**Task item**
The entries are to be duplicated exactly, though any picture in them must be omitted.

**Exercise inputs**
--- START ---

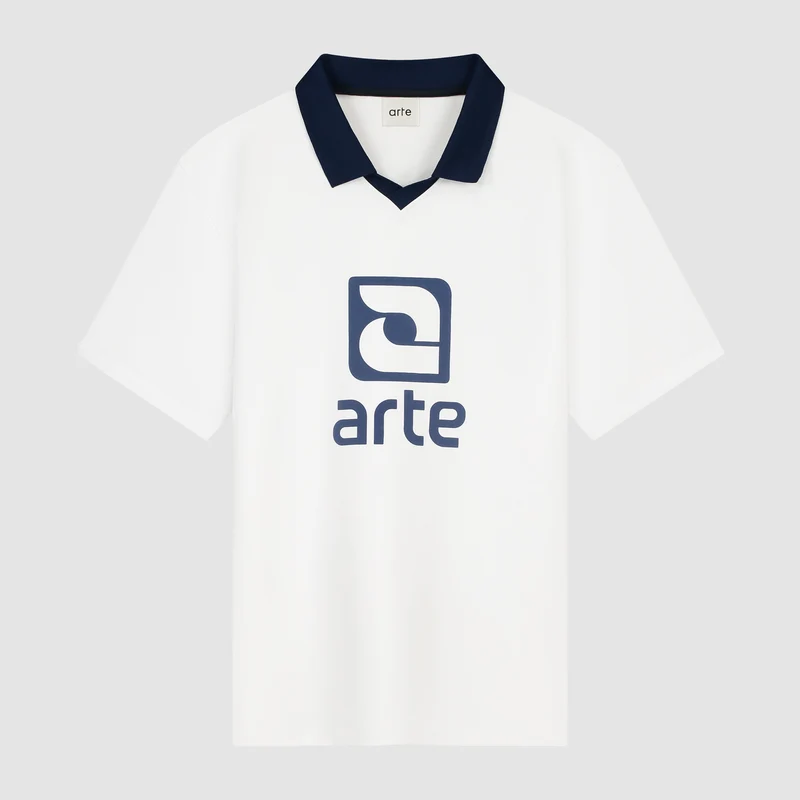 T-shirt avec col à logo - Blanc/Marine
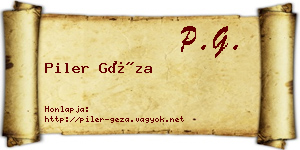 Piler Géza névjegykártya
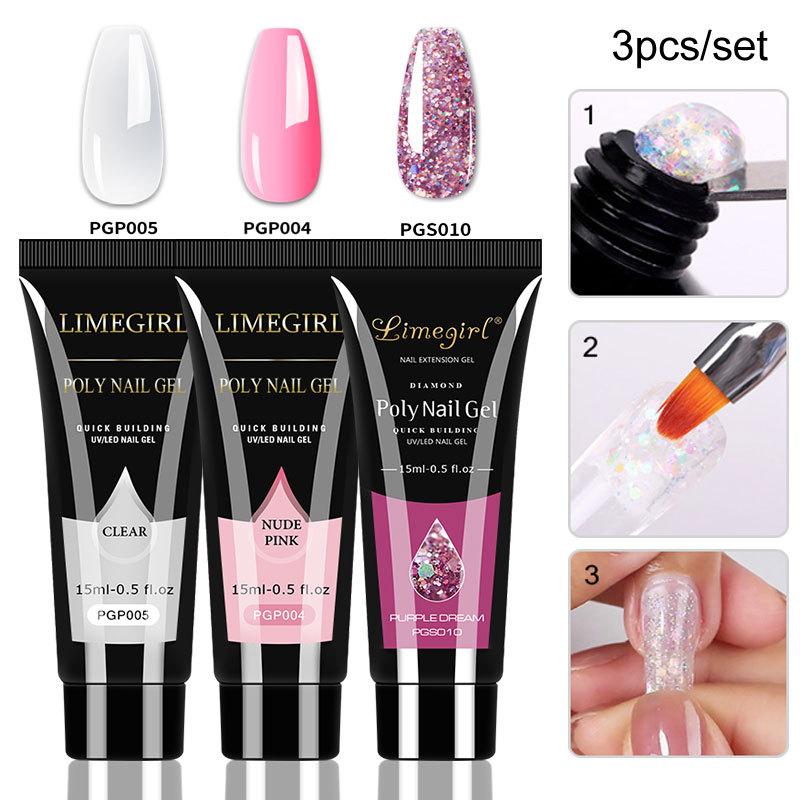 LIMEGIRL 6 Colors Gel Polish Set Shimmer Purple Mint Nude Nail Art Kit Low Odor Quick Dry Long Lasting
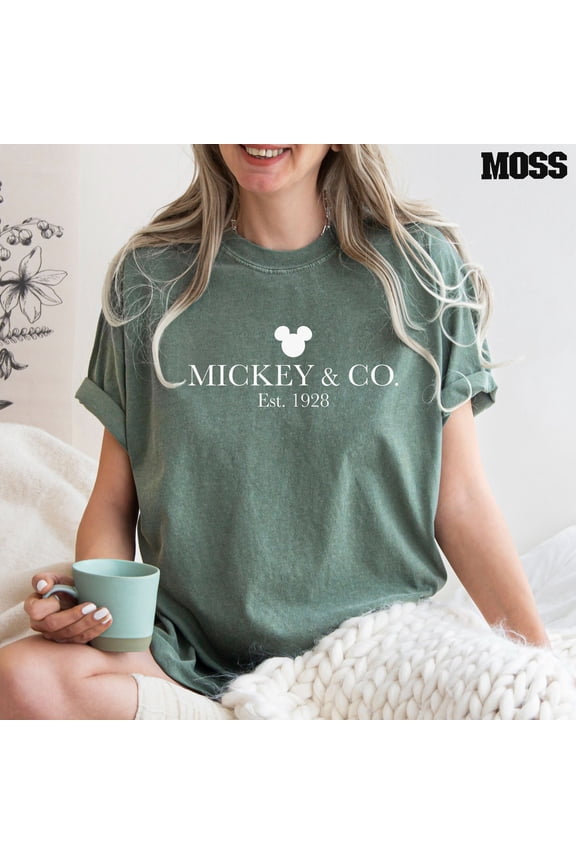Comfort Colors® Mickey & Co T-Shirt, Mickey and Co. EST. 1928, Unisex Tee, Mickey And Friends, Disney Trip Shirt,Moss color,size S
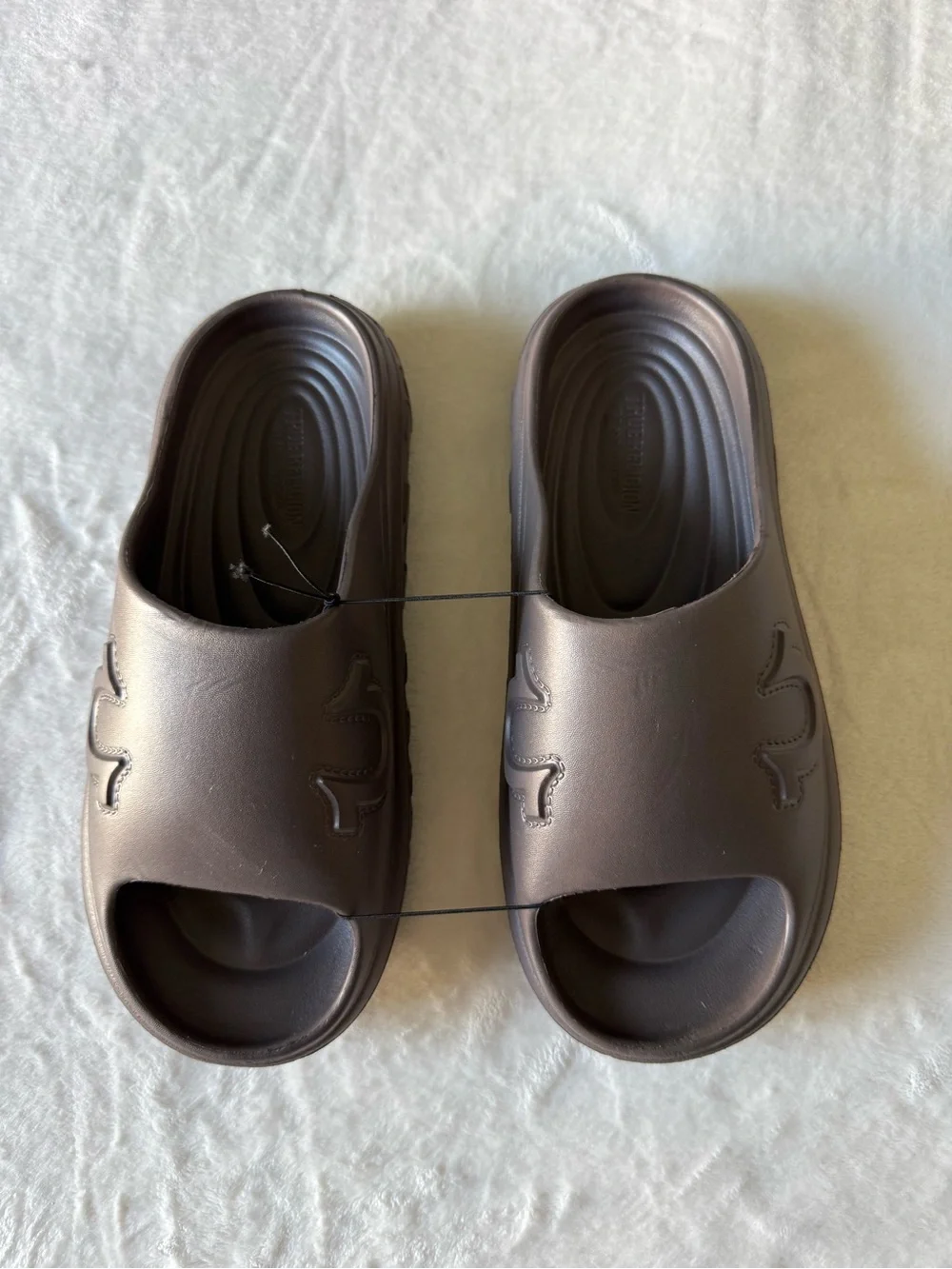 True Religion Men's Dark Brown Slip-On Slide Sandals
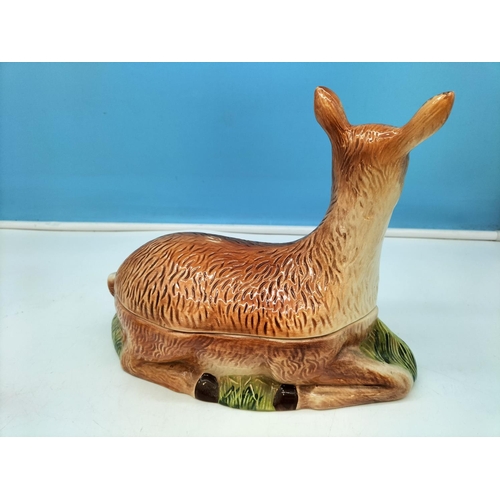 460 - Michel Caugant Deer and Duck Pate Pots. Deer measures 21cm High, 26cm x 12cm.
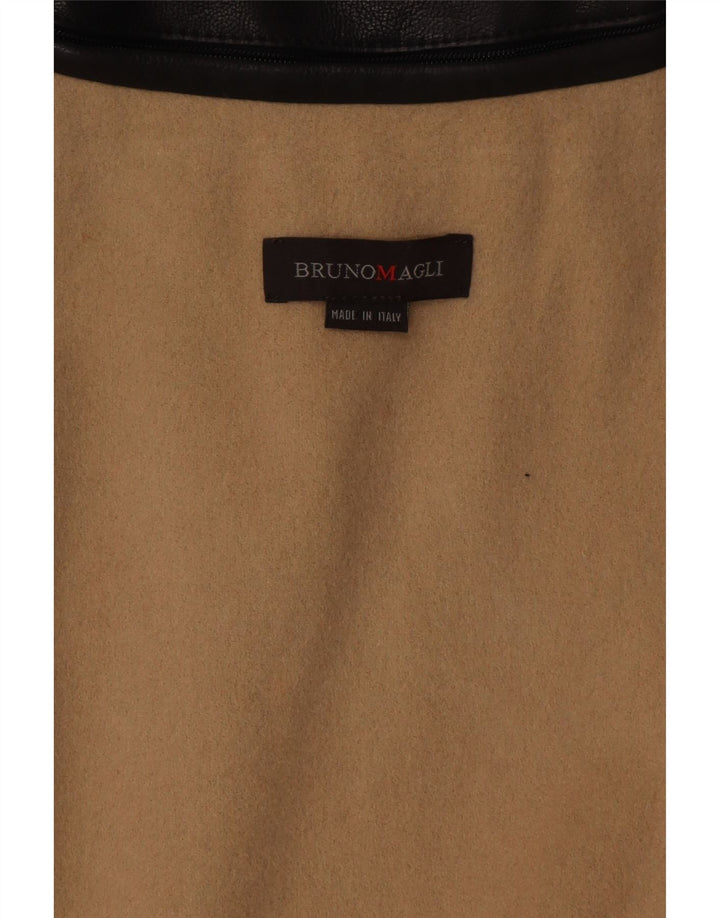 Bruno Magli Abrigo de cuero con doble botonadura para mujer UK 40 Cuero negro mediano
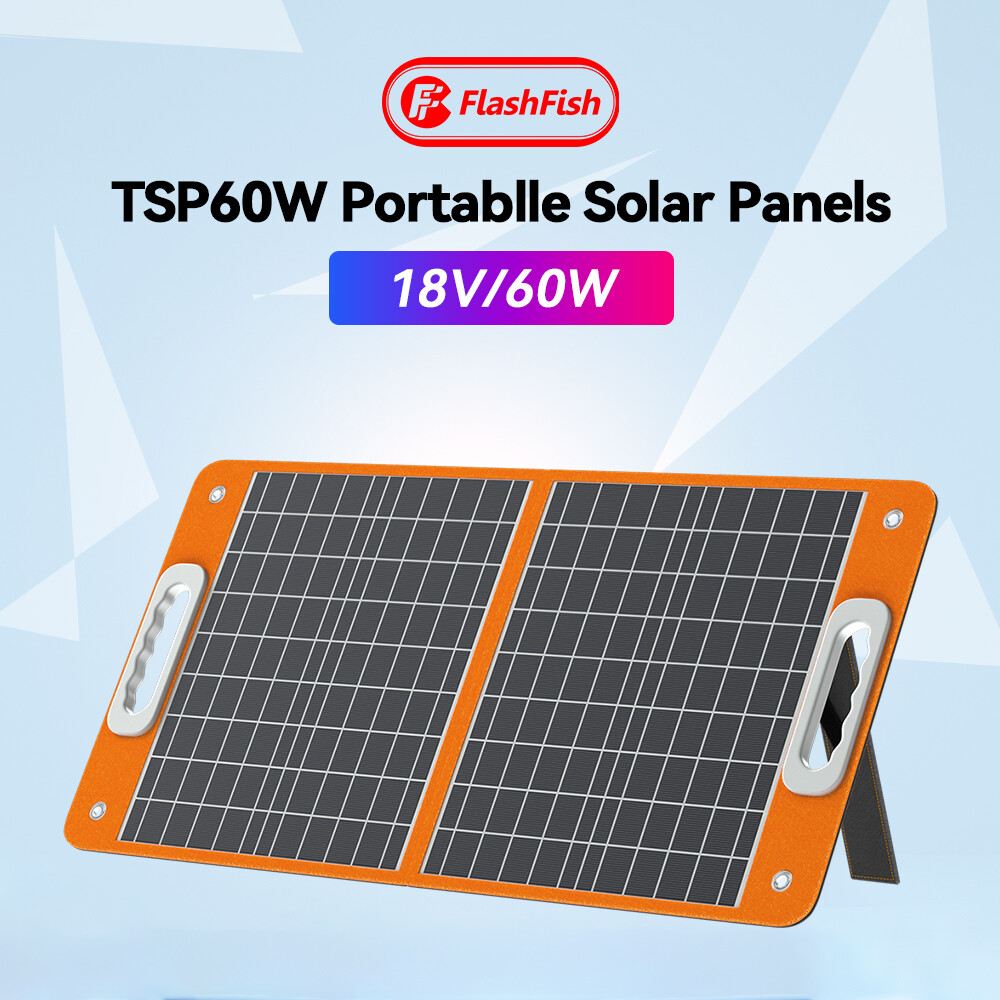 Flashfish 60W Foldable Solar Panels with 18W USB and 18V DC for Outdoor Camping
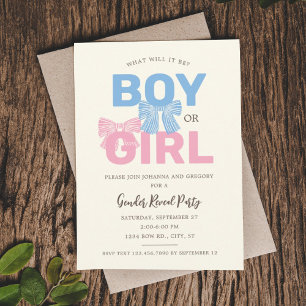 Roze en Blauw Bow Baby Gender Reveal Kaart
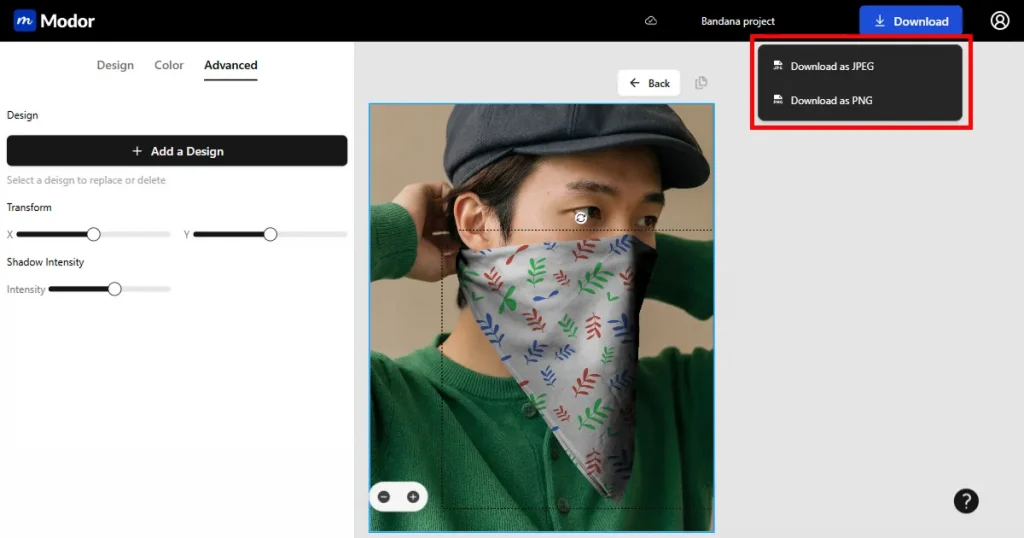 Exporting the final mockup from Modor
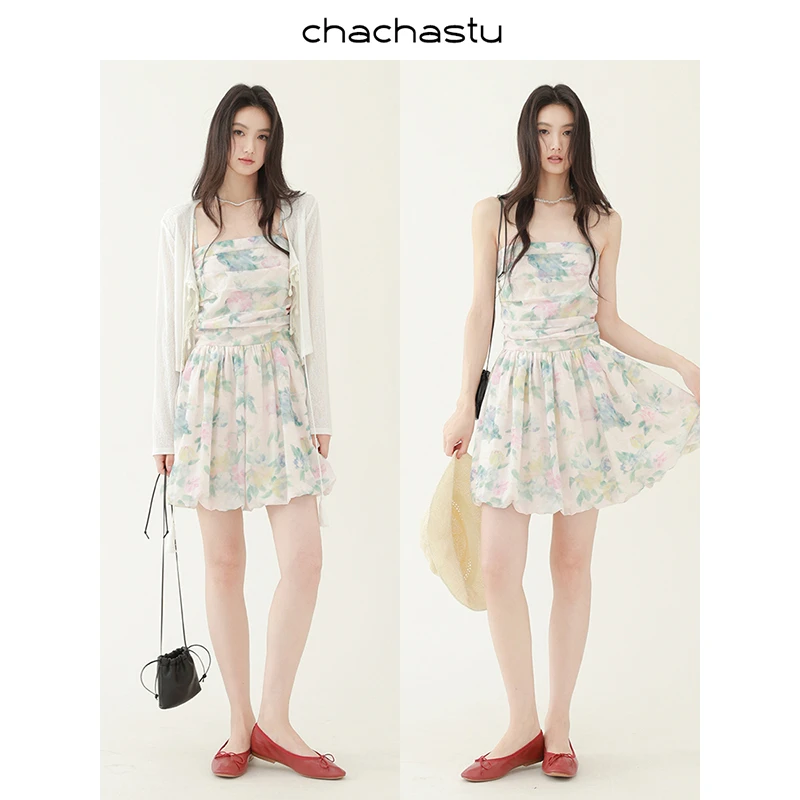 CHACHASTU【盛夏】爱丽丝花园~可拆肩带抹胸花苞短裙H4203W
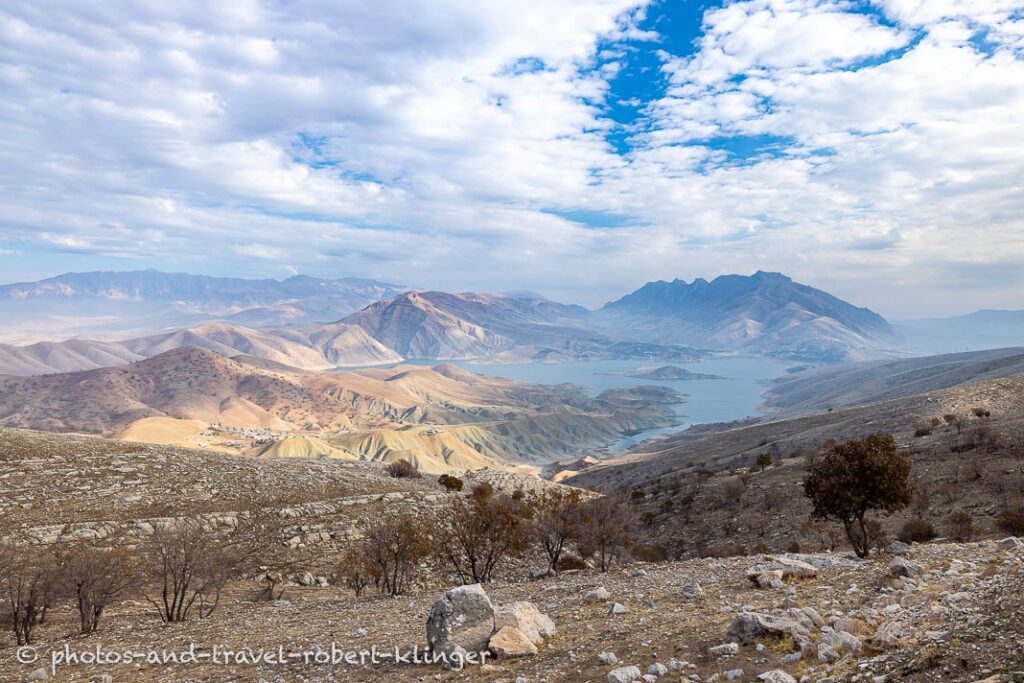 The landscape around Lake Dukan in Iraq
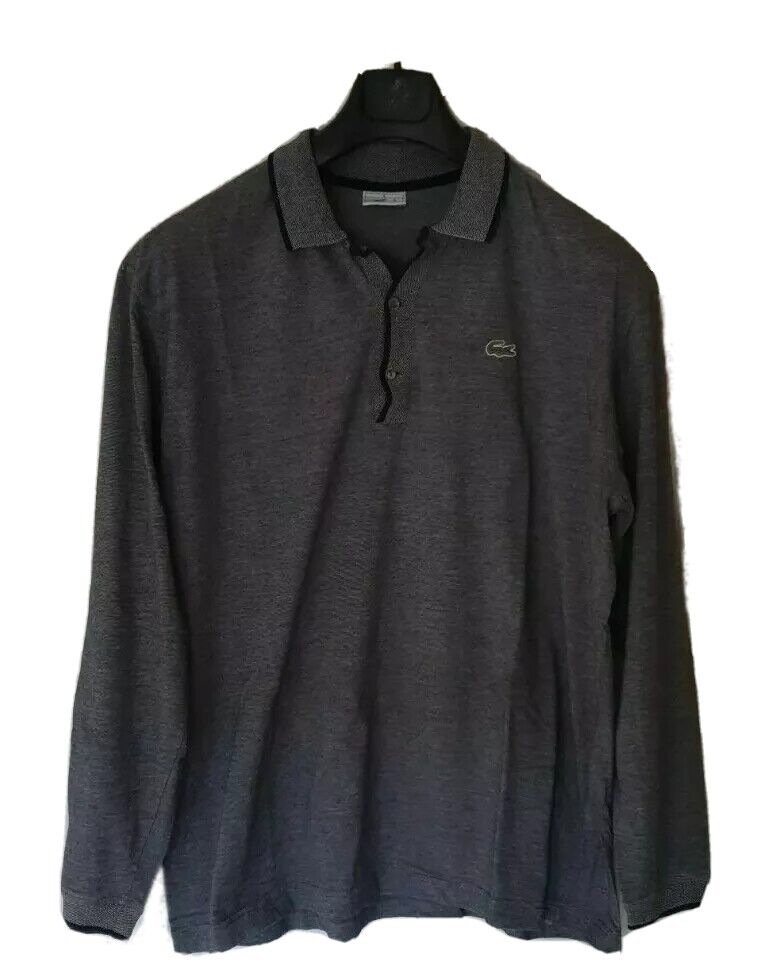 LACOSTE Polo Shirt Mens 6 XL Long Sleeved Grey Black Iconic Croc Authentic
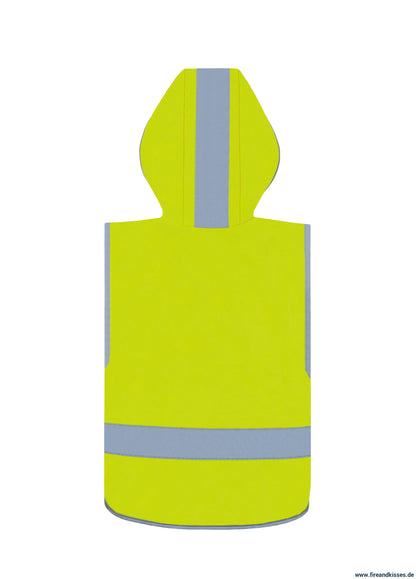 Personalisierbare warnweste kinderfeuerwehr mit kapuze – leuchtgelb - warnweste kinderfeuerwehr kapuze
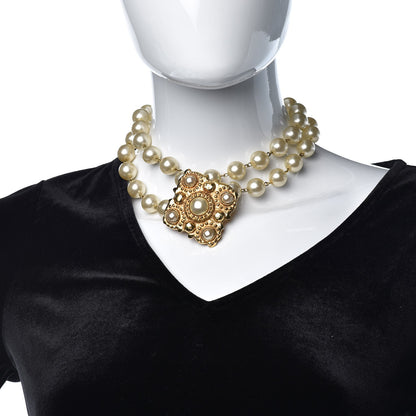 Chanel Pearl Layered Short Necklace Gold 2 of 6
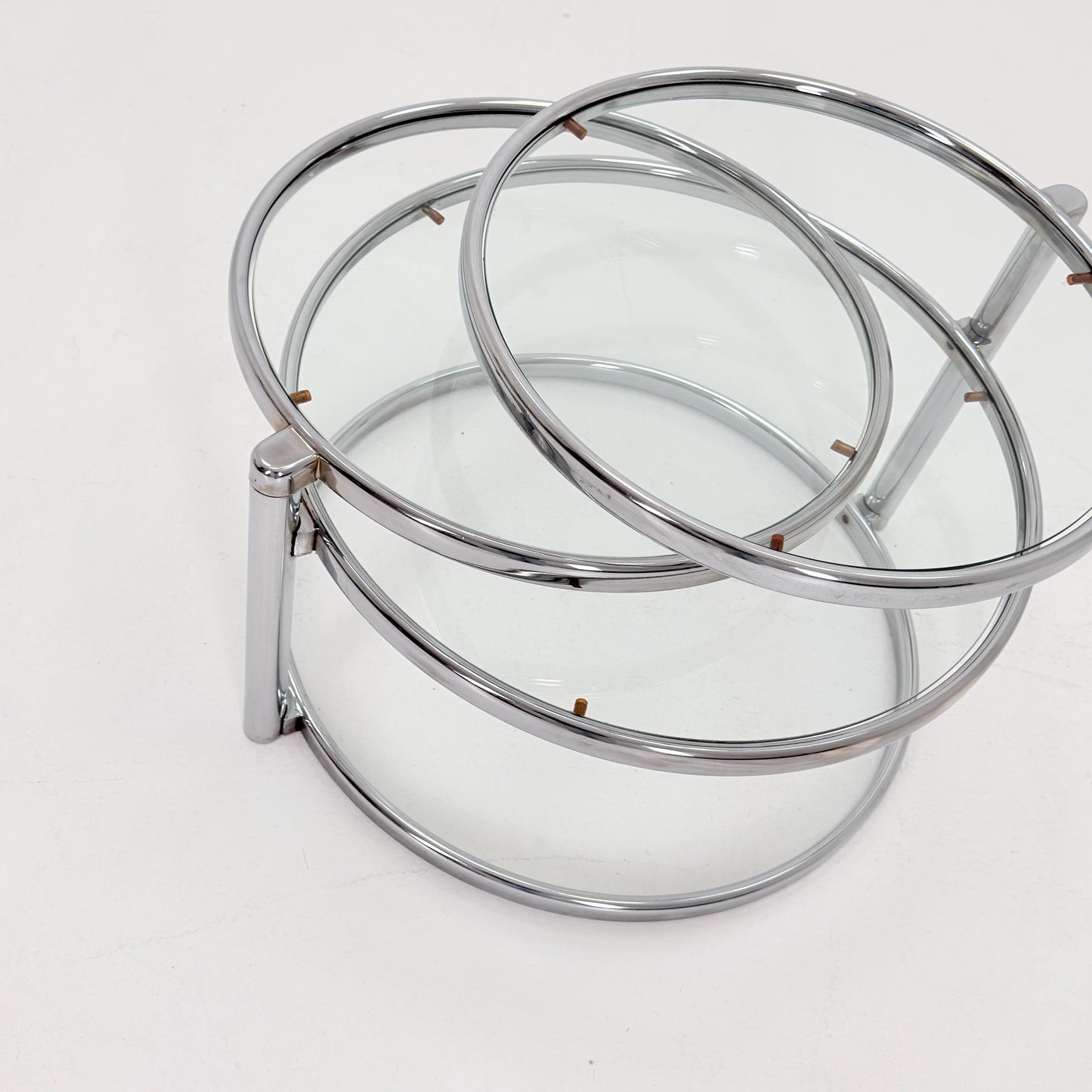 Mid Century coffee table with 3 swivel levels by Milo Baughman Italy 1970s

--- END ---

**Problem solution**
 T-shirt avec col à logo - Blanc/Marine
 Piler Géza névjegykártya
 LIMEGIRL 6 Colors Gel Polish Set Shimmer Purple Mint Nude Nail Art Kit Low Odor Quick Dry Long Lasting
Comfort Colors® Mickey & Co T-Shirt, Mickey and Co. EST. 1928, Unisex Tee, Mickey And Friends, Disney Trip Shirt,Moss color,size S
 True Religion Men's Dark Brown Slip-On Slide Sandals
 460 - Michel Caugant Deer and Duck Pate Pots. Deer measures 21cm High, 26cm x 12cm.
 Bruno Magli Abrigo de cuero con doble botonadura para mujer UK 40 Cuero negro mediano
 Flashfish 60W Foldable Solar Panels with 18W USB and 18V DC for Outdoor Camping
 Roze en Blauw Bow Baby Gender Reveal Kaart
 Exporting the final mockup from Modor
 CHACHASTU【盛夏】爱丽丝花园~可拆肩带抹胸花苞短裙H4203W
 The landscape around Lake Dukan in Iraq
 LACOSTE Polo Shirt Mens 6 XL Long Sleeved Grey Black Iconic Croc Authentic
 Personalisierbare warnweste kinderfeuerwehr mit kapuze – leuchtgelb - warnweste kinderfeuerwehr kapuze
 Chanel Pearl Layered Short Necklace Gold 2 of 6
 Mid Century coffee table with 3 swivel levels by Milo Baughman Italy 1970s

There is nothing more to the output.